SCARLET constructed a tree (Fig. 3(D–E)) with a single clade containing all metastatic cells. This is consistent with the copy-number data, since the shared chromosomal losses could have have occurred once in a common ancestor of all metastatic cells. Moreover, this tree suggests that the liver metastasis was the product of monoclonal seeding; i.e., a single cell (or small group of cells) with the same somatic mutations migrated from the primary colon tumor to the metastasis and all metastatic cells descended from the founder cells present in this single migration. This result contradicts previous results (Leung et al. 2017; Zafar et al. 2019) of a more complicated polyclonal seeding of the metastasis. The SCARLET tree contains three mutation losses: in genes FHIT, LRP1B, and LINGO2. Each of these losses is supported by a significant decrease in read depth (Fig. 3(D)), providing evidence that the loci containing these mutations were likely affected by deletions. Notably FHIT and LRP1B are located in fragile sites in the genome (Smith et al. 2006), which are known regions of genomic instability. In addition, the loss of the mutation LINGO2:1 in LINGO2 is further supported by a shift in the variant allele frequency of another mutation, LINGO2:2, in the same gene. Specifically, the variant allele frequency of LINGO2:2 is ≈1 in the metastatic cells (Fig. 3(A)), suggesting that this mutant allele is homozygous, consistent with a deletion or loss of heterozygosity event where the LINGO2:1 mutation was lost.

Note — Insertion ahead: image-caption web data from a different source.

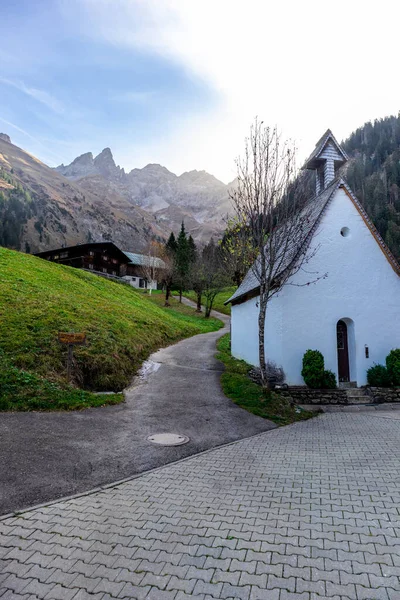 stock image Small autumn hike through the beautiful landscape in the Allgu near Oberstdorf - Bavaria - Germany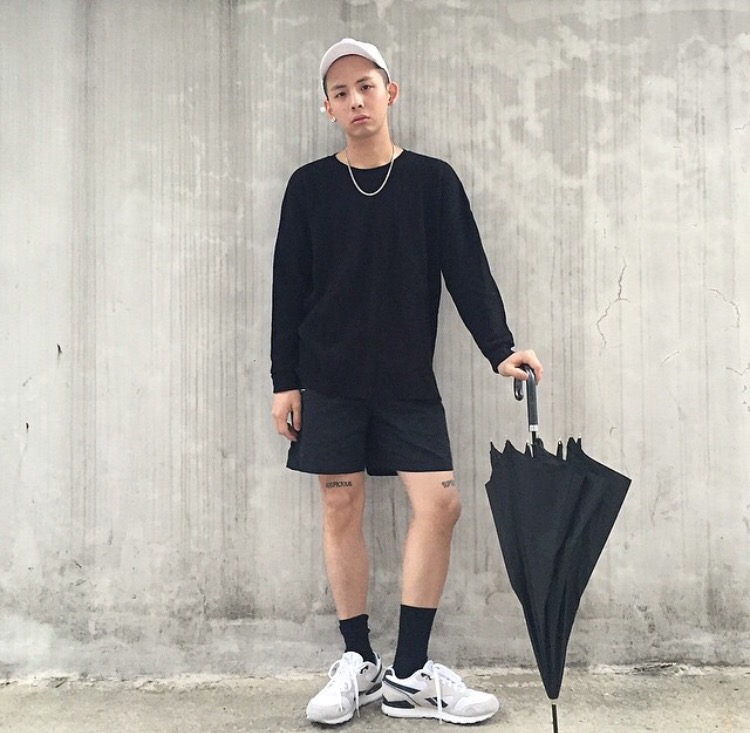 阮亨彩黛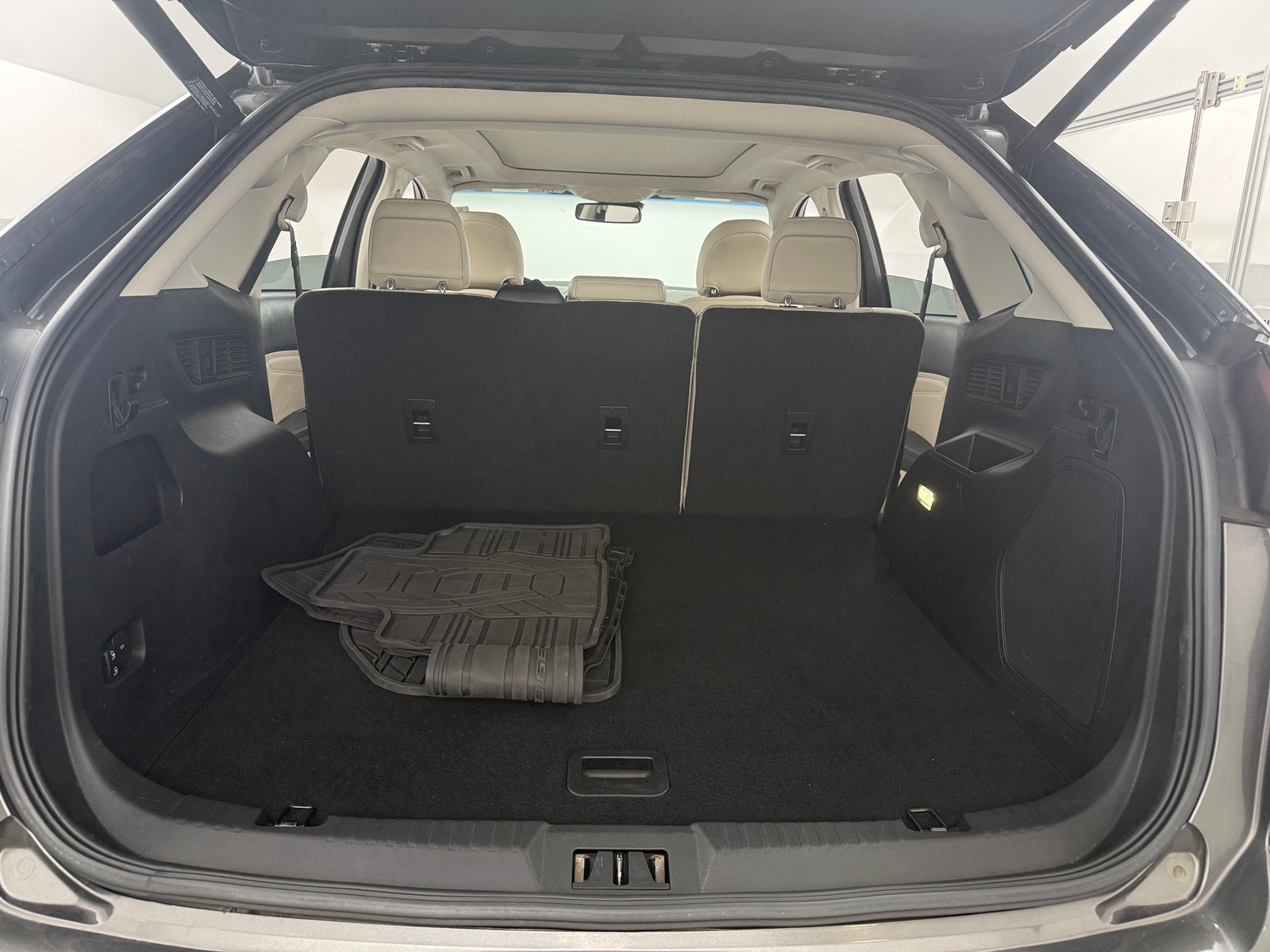 Thumbnail: 2016 Ford Edge - 6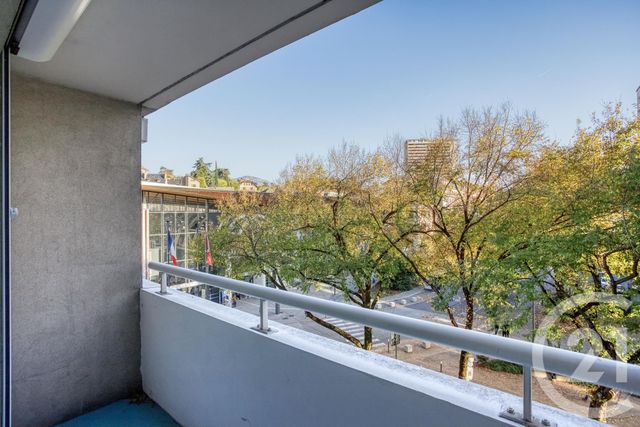 Appartement T3 à vendre - 3 pièces - 64,74 m2 - Chambery - 73 - RHONE-ALPES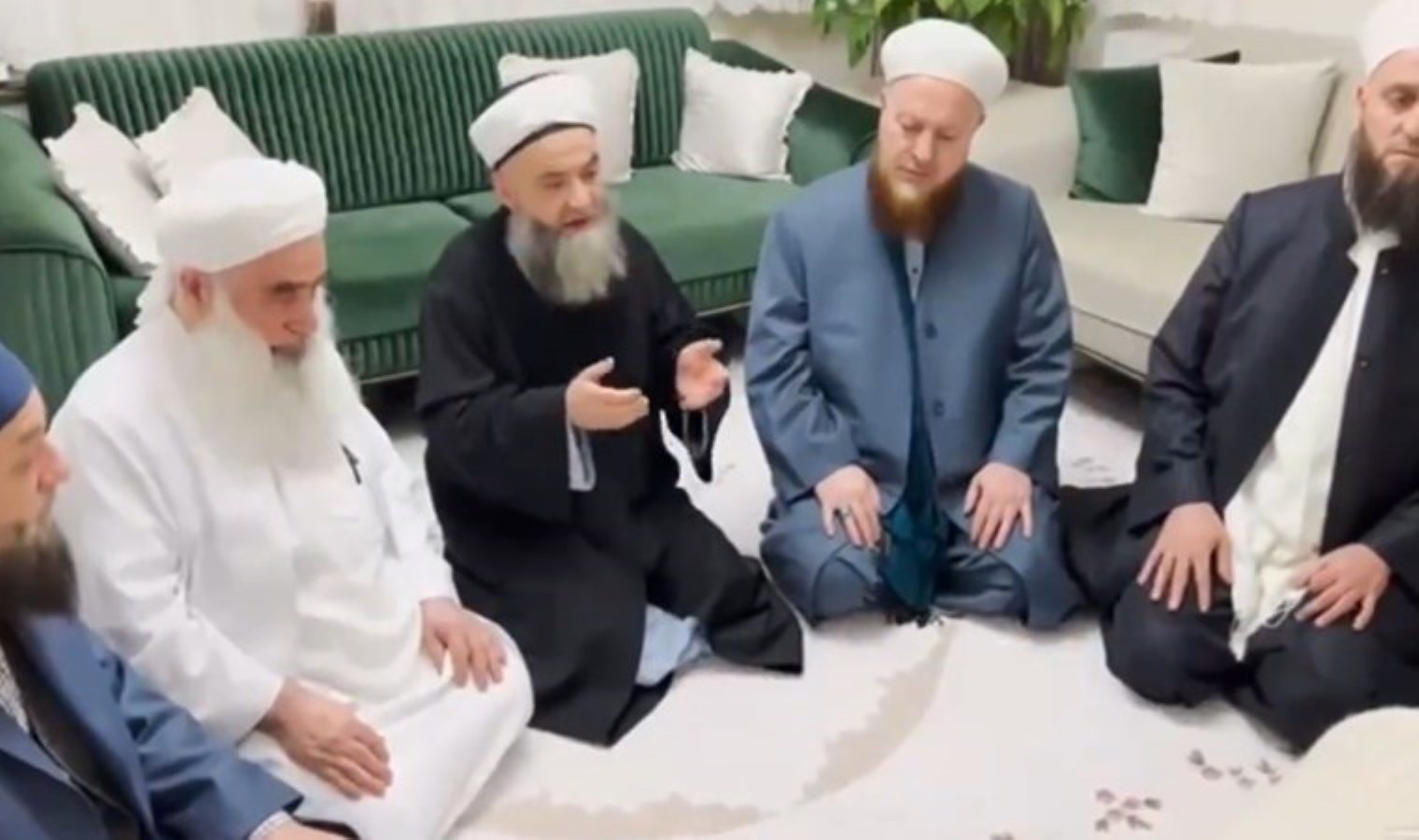 ‘Cübbeli Ahmet’, Hasan Kılıç’ın cenazesinden evvel yeni ‘şeyh’i ilan etti: Kime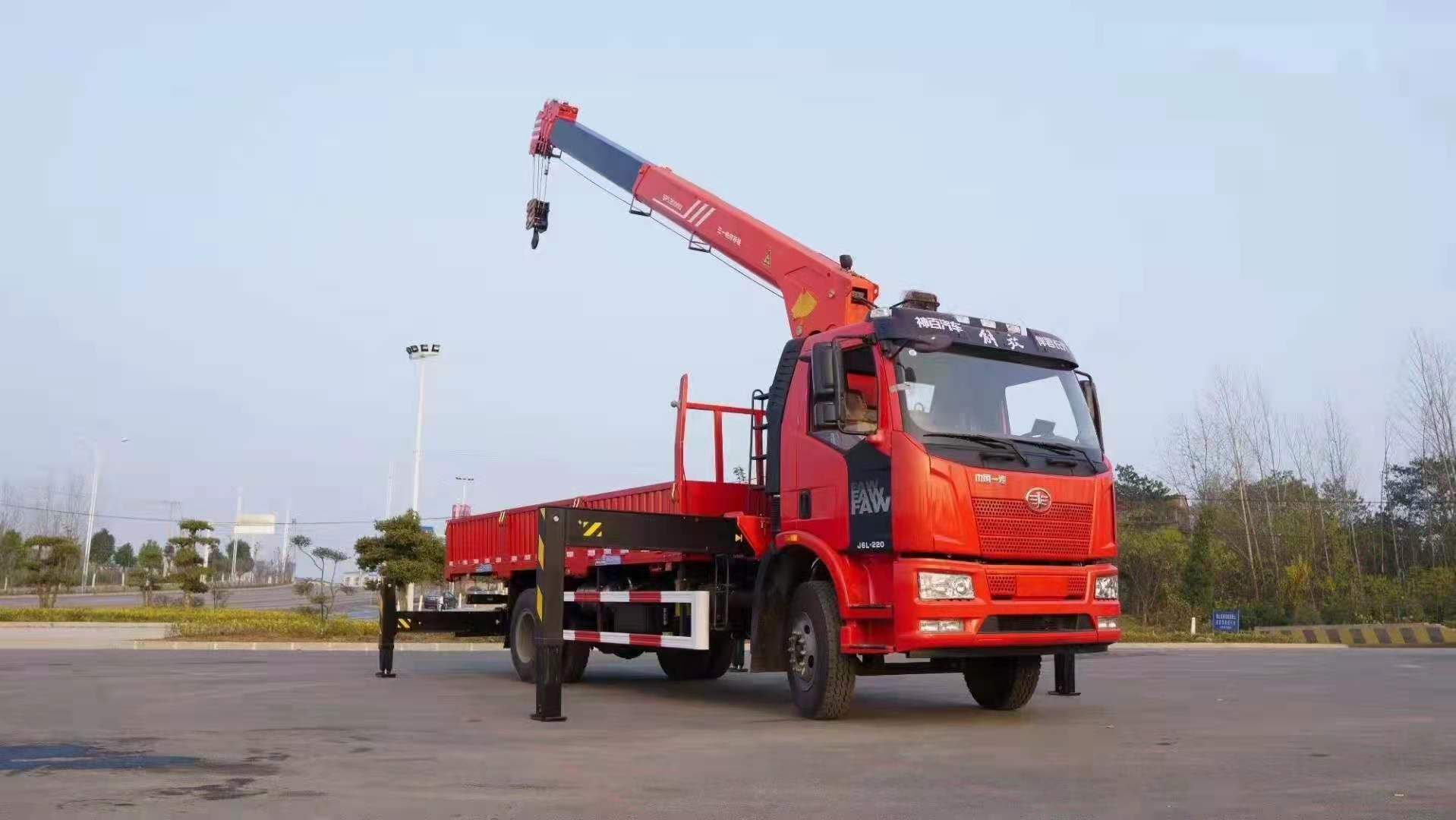 解放J6單橋三一8噸隨車吊圖片展示6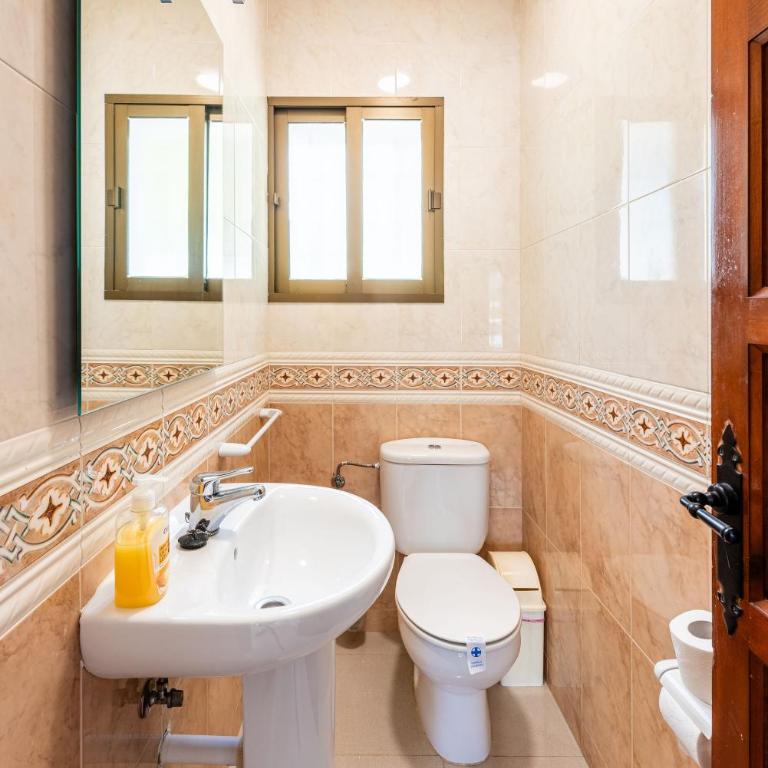 VILLA NORIA Menyber - Three-Bedroom House - 18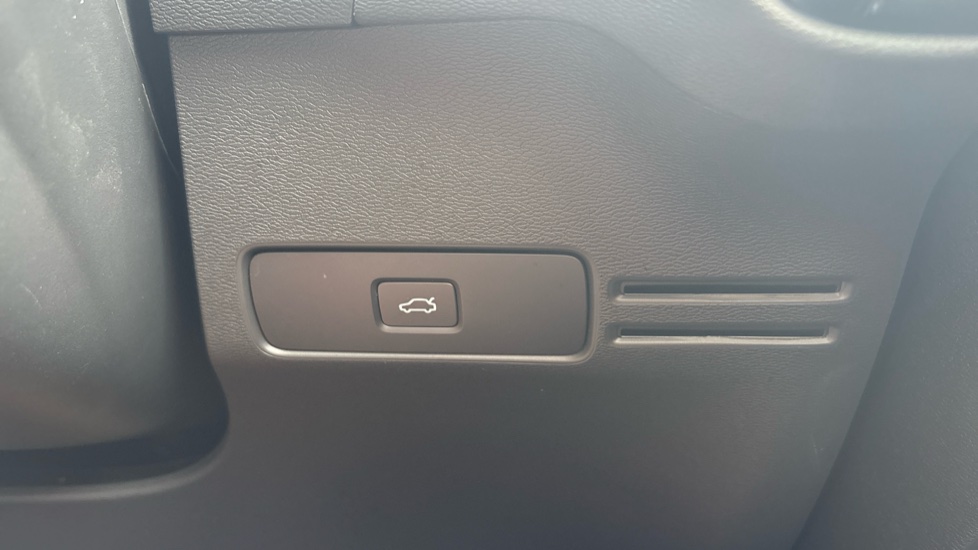 Volvo XC40 2.0 B3P Plus Black Edition 5dr Auto Petrol Estate - Image 38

We examined further the evidence for polyclonal seeding in the initial study of this patient. Leung et al.(Leung et al. 2017) included a statistical analysis of the variant read counts of the four “bridge mutations”, ATP7B, FHIT, APC and CHN1 that occurred between the first and second metastatic branches in the SCITE tree. This analysis showed that mutations in ATP7B and FHIT were present in a subset of primary tumor cells and in the second metastatic branch (detected in 10/13 and 13/13 cells respectively) while being absent in the second metastatic branch (detected in 1/15 and 1/15 cells respectively). Under the infinite sites model used by SCITE, mutation loss is not allowed and thus polyclonal seeding is necessary to explain the absence of these mutations. The same analysis found high uncertainty regarding the placement of mutations in APC and CHN1 and thus these were not cited as evidence for polyclonal seeding.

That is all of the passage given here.